Supplied material
********************
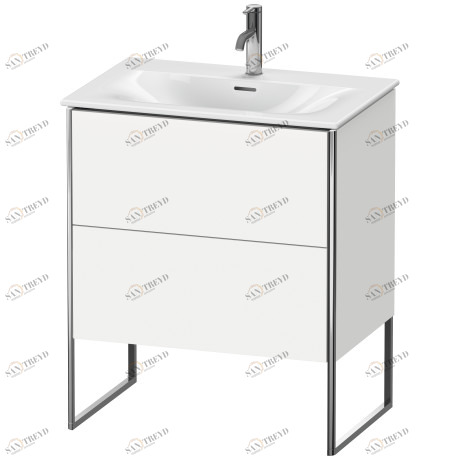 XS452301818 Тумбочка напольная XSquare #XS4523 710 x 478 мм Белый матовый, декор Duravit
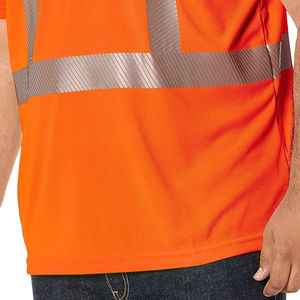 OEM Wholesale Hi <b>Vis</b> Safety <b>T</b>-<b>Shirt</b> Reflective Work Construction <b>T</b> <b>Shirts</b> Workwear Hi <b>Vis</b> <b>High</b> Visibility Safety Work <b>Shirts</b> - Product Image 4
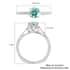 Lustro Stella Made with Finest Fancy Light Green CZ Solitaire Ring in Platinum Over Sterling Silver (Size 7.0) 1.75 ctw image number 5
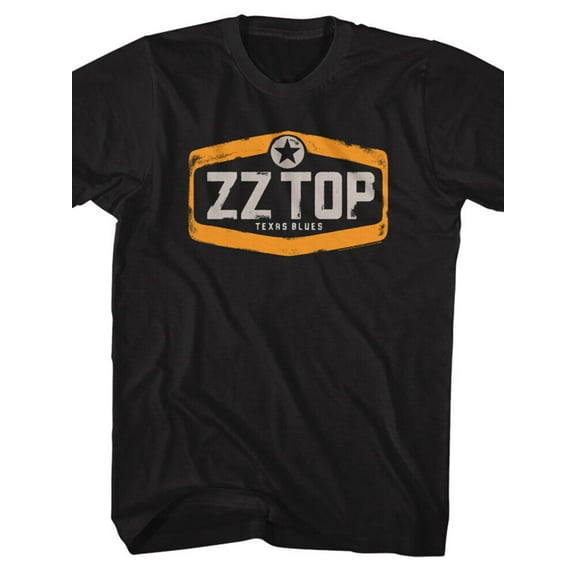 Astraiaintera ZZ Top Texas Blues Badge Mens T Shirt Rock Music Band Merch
********************
Brief
Here the requirement is to restate exactly the line holding "Lustro Stella Made" and every later line through the end of the material, omitting pictures.

Solved exercise
 Lustro Stella Made with Finest Fancy Light Green CZ Solitaire Ring in Platinum Over Sterling Silver (Size 7.0) 1.75 ctw image number 5
 Astraiaintera ZZ Top Texas Blues Badge Mens T Shirt Rock Music Band Merch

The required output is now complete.